Think about them all the time, as have many more capable minds than mine!

Fermi paradox
Pale blue dot
optimistic nihilism
Many worlds / multiverse Heisenberg uncertainty principle

Fitz.


----------



## Spectric (15 Apr 2021)

francovendee said:


> When answering the question 'Did he think that life existed other than on earth?' he said he doubted it.


There you go, an odd answer from someone who is a highly regarded Physicist , although nowhere near the level of Einstein. A good scientist should have an open mind until such time evidence comes to light to support or dismiss an argument.

A good quote is:

As a human being, one has been endowed with just enough intelligence to be able to see clearly how utterly inadequate that intelligence is when confronted with what exists.


----------



## Fitzroy (15 Apr 2021)

Spectric said:


> Physics is a good example where they produce theories to things they cannot understand and people will believe until someone elses theory overides it, yes we really know very little apart from what is continously rejugated and or passed around through generations.



There are no proofs in science, only maths. 

"_They produce theories to things they cannot understand and people will believe until someone else's theory overrides it_" - you've basically reworded the scientific method. Either you accept what you don't understand and stand still, or you develop a hypothesis about a situation, and test your hypothesis against evidence. If the evidence is supportive you work with your hypothesis, but continue to test as new evidence become available and update/abandon as required. 

Fitz.


----------



## Ozi (15 Apr 2021)

Spectric said:


> There you go, an odd answer from someone who is a highly regarded Physicist , although nowhere near the level of Einstein. A good scientist should have an open mind until such time evidence comes to light to support or dismiss an argument.
> 
> A good quote is:
> 
> As a human being, one has been endowed with just enough intelligence to be able to see clearly how utterly inadequate that intelligence is when confronted with what exists.

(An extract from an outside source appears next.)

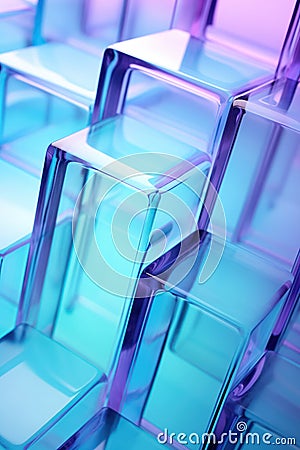 Abstract image of blue-violet glass surfaces Stock Photo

If I may quote ACC "If an elderly but distinguished *scientist says* that *something is possible*, *he is almost certainly right*; but if *he says* that it is *impossible*, *he* is very probably *wrong*."


----------



## D_W (15 Apr 2021)

Fitzroy said:


> There are no proofs in science, only maths.
> 
> "_They produce theories to things they cannot understand and people will believe until someone else's theory overrides it_" - you've basically reworded the scientific method. Either you accept what you don't understand and stand still, or you develop a hypothesis about a situation, and test your hypothesis against evidence. If the evidence is supportive you work with your hypothesis, but continue to test as new evidence become available and update/abandon as required.
> 
> Fitz.



But there are proofs in math!! working through them let me know that I would stop my math degree after bachelor of science and leave the proofs to the people who could do them 4 times as fast as I could.


----------



## Fitzroy (15 Apr 2021)

francovendee said:


> I remember Brian Cox exploring in depth what was needed to come together to sustain some form of life and how amazing that it did on earth.
> When answering the question 'Did he think that life existed other than on earth?' he said he doubted it.



Seemed unlikely that this would be Brian Cox's view so I had to go and research. As far as I can see this is the basis for this missunderstanding, from a BBC programme.

"There is only one advanced technological civilization in this galaxy and there has only ever been one -- and that's us," Professor Cox, 

He does not discount life elsewhere, and thinks it likely that we would find simple life elsewhere in the solar system.

Regards

Fitz.


----------



## selectortone (15 Apr 2021)

Voyager 1, launched in 1977 to study the outer planets is travelling at 35,000mph and it took 40 years to reach the edge of the solar system. At its current speed, it will have to travel for something like forty thousand years to reach the nearest star in our Milky Way galaxy. It would take approximately 1,756,500,000 years to cross our Milky Way from one end to the other.

And after that, the nearest galaxy to The Milky Way is the Andromeda Galaxy, 2.5 million light years away. 2.5 million years for a radio signal to reach Earth. And that's the nearest galaxy - observations from the Hubble telescope suggest that there are hundreds of thousands of galaxies in our universe. And is there more than one universe?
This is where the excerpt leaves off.